Here we are all talking about saving the most we can, living well below our means, making sure that we don't outlive our money, etc. Are we leaving too much money behind after we die? Are we sacrificing ourselves so that some loser relatives will inherit our hard earned money and blow them away mindlessly?

My sister and her husband in their mid 60's have 2 houses paid for, big savings accounts, 2 cars and he is talking about slashing his monthly expenses of $2,300. What is he thinking?

This is a guy who has been saving all his life, working hard everyday but shouldn't he be enjoying the fruit of his labour by now? FYI, they have no kids.


----------



## ddkay (Nov 20, 2010)

Do what you want as long as you don't spend more than you earn and act your wage. Everyone should live below their means, but you don't have to live _extremely_ below your means if you can lever up your human capital.

Some people love carting themselves off to boring middle management jobs until they're 65 because they get big fat paychecks. When do they enjoy the fruits of their labour? If they actually had a job that they loved doing throughout their lives they might have lived more modestly, but at least they were liberated. Isn't that what counts?

What about lottery winners? 55 million shares of LNKD will be unlocked on 02/27, book your SF area restaurants reservations accordingly. Do they deserve it? All of them? That much?


----------



## Toronto.gal (Jan 8, 2010)

http://www.canadianmoneyforum.com/showthread.php?t=10414


----------



## ddkay (Nov 20, 2010)

Didn't know this was a dupe. Probably bots harvesting content for financial blogs or something. Nvm.


----------



## carverman (Nov 8, 2010)

Toronto.gal said:


> http://www.canadianmoneyforum.com/showthread.php?t=10414


..looks like "piano-mom" has evolved to "kachkan"...trollin' fer attenshun"

I would say..they should blow all their money immediately or send it to"
"www.carver-can-use-yer-money-if-you-don't-have-any-use-for-it.com"


----------



## piano mom (Jan 18, 2012)

carverman said:


> ..looks like "piano-mom" has evolved to "kachkan"...trollin' fer attenshun"

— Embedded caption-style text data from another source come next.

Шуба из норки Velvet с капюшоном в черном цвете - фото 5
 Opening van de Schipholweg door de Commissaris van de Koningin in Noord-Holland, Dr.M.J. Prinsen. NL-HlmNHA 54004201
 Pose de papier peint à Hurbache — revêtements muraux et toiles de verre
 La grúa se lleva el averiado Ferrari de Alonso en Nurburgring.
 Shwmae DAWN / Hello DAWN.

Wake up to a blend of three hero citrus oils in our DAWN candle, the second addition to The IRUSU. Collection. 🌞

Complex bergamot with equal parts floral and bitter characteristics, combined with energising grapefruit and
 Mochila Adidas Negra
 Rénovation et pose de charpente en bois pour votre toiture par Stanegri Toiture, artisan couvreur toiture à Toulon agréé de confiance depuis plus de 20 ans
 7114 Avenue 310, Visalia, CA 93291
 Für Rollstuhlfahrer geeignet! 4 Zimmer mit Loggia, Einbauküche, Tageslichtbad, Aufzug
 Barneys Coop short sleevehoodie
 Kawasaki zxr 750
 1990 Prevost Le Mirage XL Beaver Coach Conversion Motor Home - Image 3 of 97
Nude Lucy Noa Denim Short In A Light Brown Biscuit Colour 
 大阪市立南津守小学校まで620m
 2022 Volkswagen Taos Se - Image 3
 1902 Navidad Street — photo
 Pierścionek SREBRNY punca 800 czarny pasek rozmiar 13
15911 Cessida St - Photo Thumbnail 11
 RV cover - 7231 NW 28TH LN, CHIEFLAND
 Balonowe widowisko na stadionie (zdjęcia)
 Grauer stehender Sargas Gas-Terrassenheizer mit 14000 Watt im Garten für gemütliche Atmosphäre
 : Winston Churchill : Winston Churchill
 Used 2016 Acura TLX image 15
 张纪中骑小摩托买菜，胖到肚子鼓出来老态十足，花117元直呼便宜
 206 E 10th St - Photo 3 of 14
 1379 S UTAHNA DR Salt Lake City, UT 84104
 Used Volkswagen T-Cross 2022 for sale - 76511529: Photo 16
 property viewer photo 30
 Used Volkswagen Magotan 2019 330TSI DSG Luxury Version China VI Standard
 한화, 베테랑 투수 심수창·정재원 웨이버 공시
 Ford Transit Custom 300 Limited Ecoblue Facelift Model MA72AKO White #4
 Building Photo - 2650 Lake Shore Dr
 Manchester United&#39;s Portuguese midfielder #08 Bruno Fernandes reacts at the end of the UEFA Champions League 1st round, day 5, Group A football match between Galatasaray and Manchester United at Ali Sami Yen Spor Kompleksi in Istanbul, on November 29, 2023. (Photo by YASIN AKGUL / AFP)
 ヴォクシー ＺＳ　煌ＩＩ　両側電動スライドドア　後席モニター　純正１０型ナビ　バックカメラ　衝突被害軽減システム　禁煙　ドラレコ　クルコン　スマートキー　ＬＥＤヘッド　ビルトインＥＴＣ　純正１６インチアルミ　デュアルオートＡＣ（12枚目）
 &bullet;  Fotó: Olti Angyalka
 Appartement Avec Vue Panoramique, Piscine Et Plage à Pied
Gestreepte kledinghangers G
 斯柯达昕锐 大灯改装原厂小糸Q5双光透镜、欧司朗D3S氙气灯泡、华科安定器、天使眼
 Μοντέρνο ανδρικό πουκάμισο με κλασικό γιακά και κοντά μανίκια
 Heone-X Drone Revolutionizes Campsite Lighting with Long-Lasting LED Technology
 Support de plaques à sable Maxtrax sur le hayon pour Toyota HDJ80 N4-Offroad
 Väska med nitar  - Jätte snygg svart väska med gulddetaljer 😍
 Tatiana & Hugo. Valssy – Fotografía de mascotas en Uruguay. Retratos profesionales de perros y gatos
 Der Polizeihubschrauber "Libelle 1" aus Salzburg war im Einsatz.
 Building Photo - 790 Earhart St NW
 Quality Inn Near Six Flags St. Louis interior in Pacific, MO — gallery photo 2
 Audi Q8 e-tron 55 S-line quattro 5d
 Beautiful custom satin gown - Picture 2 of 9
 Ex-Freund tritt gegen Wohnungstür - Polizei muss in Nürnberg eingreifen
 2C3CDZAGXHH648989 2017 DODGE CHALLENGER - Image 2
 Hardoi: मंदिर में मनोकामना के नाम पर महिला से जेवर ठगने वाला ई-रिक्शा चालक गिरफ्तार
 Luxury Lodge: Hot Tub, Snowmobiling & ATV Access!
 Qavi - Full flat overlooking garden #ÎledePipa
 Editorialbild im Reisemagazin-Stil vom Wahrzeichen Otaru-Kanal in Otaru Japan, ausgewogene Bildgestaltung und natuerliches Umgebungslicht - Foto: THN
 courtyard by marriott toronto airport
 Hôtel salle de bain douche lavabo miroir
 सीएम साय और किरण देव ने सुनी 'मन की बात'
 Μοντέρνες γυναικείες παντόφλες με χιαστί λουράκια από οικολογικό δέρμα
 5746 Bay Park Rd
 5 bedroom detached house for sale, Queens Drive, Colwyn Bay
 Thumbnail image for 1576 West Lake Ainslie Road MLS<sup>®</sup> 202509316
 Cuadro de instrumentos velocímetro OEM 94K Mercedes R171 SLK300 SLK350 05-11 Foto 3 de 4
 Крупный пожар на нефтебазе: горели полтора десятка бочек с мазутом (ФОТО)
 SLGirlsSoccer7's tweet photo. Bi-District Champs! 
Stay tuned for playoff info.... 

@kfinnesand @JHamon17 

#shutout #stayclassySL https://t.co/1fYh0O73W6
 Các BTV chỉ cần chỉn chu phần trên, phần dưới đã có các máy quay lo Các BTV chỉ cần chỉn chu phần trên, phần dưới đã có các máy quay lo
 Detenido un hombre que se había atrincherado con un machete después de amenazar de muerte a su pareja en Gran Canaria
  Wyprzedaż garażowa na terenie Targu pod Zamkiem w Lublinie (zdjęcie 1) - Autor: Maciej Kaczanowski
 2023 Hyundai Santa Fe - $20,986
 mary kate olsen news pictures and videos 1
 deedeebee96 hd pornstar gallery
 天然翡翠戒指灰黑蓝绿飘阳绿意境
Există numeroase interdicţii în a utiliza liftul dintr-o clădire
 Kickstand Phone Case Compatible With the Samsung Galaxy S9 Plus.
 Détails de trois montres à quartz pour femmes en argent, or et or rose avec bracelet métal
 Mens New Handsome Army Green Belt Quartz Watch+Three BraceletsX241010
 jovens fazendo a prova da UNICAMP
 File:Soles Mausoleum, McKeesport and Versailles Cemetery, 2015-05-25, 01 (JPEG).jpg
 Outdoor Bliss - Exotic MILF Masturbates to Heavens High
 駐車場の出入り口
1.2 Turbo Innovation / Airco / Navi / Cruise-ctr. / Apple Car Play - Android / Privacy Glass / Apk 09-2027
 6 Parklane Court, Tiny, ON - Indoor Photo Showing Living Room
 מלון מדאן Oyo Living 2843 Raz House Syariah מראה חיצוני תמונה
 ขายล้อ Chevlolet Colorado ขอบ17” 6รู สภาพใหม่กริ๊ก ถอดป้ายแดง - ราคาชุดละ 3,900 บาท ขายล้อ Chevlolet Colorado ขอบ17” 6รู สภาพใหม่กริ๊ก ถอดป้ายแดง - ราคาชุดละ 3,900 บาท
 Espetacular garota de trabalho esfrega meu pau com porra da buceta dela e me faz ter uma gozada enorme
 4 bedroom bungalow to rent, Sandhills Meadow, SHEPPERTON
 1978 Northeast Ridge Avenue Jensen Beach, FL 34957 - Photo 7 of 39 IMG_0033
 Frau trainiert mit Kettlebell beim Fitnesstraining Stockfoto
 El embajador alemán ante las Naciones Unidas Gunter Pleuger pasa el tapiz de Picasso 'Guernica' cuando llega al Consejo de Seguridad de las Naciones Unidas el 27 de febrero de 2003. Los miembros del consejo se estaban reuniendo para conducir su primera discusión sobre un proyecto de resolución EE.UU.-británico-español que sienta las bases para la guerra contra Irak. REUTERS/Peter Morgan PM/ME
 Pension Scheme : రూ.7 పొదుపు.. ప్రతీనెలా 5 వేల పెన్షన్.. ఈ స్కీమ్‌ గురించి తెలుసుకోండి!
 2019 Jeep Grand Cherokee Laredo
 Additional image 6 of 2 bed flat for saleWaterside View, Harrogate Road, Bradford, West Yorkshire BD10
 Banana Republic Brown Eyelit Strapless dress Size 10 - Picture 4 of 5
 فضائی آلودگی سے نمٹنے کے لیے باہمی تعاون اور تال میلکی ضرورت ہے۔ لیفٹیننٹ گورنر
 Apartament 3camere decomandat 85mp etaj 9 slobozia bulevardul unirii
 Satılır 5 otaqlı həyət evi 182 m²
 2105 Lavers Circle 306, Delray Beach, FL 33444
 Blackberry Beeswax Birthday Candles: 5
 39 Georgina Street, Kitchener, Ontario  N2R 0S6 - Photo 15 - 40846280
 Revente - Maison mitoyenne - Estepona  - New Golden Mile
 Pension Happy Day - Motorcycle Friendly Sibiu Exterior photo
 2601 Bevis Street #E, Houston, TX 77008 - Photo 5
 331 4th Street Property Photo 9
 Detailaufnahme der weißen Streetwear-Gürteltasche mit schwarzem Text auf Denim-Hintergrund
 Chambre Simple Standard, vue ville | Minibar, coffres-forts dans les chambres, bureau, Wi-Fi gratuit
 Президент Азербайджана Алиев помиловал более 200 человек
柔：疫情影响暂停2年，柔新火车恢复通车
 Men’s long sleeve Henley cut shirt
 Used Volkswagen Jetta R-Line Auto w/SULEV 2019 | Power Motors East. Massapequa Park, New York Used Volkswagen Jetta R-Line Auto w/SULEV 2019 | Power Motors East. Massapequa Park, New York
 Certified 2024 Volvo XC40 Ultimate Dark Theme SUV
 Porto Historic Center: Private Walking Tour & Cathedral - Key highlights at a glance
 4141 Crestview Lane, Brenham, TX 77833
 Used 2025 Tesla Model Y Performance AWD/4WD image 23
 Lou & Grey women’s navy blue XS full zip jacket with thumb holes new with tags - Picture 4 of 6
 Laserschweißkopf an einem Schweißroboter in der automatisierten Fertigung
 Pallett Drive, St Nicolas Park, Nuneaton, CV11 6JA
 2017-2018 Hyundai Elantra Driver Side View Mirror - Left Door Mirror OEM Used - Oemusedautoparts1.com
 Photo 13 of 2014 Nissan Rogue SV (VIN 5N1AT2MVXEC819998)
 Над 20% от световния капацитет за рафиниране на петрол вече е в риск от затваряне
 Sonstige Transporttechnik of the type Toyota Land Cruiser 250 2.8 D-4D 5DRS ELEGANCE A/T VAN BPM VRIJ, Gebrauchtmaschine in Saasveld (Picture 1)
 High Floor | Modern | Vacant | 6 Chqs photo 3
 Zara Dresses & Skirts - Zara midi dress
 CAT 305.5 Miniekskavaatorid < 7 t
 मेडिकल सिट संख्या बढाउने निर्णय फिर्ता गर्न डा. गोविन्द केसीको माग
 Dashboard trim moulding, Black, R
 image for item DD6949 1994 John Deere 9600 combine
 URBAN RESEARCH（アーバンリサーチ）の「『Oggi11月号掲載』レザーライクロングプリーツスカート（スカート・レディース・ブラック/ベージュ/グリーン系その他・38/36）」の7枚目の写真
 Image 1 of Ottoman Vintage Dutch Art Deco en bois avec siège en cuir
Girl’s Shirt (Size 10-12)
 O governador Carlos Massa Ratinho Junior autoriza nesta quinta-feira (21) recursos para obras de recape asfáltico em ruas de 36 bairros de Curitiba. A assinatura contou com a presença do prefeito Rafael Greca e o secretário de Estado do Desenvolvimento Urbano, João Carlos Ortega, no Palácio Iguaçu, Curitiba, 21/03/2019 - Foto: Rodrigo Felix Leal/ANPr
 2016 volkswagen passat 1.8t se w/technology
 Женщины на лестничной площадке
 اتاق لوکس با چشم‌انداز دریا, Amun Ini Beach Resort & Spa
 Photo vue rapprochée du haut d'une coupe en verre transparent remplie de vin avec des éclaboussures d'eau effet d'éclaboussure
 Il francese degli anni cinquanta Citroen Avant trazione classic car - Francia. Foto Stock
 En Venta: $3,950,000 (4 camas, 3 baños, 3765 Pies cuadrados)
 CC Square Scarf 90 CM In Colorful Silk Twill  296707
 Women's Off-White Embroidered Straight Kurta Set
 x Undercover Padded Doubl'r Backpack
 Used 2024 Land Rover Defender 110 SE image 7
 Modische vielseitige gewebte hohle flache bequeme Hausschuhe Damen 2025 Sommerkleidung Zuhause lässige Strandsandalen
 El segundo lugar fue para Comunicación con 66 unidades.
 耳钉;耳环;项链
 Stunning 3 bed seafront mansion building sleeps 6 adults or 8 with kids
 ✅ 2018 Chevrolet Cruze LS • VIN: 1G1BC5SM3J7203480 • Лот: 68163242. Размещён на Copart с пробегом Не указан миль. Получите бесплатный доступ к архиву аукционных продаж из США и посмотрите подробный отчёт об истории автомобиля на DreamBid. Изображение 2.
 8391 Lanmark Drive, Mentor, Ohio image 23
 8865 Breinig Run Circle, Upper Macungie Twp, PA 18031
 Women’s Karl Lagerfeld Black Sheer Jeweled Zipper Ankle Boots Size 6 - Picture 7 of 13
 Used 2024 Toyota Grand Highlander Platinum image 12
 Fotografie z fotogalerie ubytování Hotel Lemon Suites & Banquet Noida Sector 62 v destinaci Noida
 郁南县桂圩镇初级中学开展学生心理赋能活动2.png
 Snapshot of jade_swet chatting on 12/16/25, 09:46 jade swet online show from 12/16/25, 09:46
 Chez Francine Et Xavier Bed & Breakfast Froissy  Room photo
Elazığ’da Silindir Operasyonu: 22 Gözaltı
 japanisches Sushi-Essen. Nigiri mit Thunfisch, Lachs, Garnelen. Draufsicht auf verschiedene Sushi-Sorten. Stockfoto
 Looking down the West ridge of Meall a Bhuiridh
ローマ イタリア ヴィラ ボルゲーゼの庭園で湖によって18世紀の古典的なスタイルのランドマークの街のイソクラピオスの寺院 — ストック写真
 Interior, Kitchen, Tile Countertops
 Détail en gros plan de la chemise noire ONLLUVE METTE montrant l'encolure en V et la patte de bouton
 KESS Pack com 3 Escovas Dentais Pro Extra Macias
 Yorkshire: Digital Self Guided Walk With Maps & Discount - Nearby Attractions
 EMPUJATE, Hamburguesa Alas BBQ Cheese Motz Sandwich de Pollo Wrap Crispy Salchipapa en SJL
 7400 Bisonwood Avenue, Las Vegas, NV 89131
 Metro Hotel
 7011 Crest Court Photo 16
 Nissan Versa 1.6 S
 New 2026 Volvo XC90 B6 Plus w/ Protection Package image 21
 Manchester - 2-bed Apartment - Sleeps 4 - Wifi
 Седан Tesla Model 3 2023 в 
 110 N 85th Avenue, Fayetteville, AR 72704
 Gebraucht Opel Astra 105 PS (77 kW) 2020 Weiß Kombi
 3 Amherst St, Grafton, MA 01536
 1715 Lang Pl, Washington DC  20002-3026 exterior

I don't know who kachkan is and I don't know why she is copying my post


----------



## carverman (Nov 8, 2010)

piano mom said:


> I don't know who kachkan is and I don't know why she is copying my post


How do you know the poster is a she?:


----------



## marina628 (Dec 14, 2010)

You are watching too much CSI Carverman lol


----------



## carverman (Nov 8, 2010)

marina628 said:


> You are watching too much CSI Carverman lol


Howya doing "Diamond Girl"?


----------



## carverman (Nov 8, 2010)

ddkay said:


> Didn't know this was a dupe. *Probably bots harvesting content for financial blogs or something*. Nvm.


Fem-Bots?


----------